» **Problem statement**: Give the lines again exactly as they appear below, from the line with "Pieces Woman T-shirt" to the line with "s925 Silver Simple", both included, and only those lines. Leave every picture out.

» **Exercise materials**:
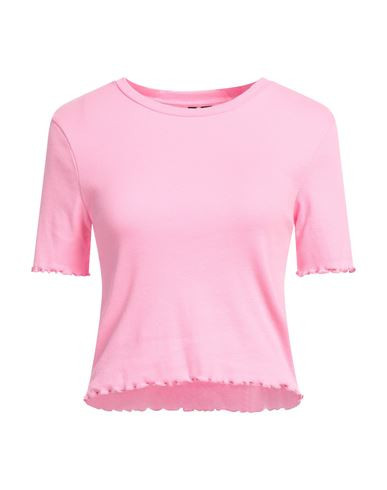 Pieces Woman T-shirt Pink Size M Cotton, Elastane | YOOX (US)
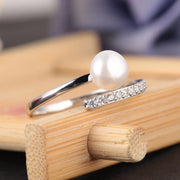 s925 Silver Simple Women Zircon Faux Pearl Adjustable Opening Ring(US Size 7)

==

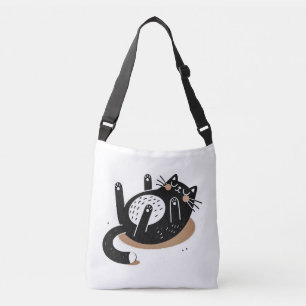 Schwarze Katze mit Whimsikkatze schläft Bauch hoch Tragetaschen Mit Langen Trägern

--

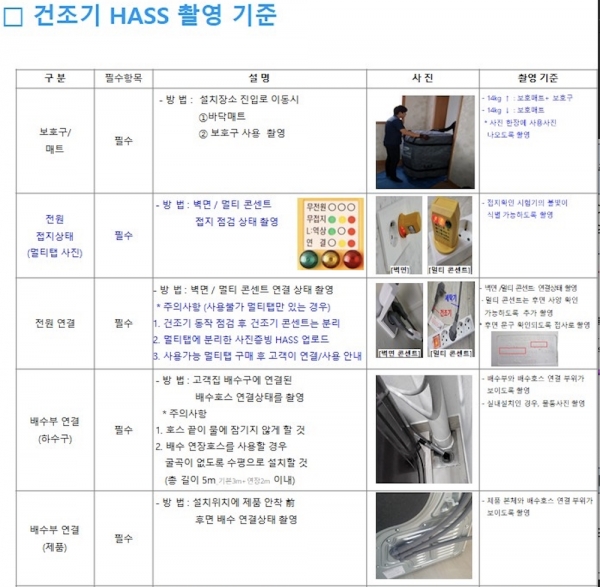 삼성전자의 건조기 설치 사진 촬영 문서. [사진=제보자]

» **Answer**:
 Pieces Woman T-shirt Pink Size M Cotton, Elastane | YOOX (US)
 s925 Silver Simple Women Zircon Faux Pearl Adjustable Opening Ring(US Size 7)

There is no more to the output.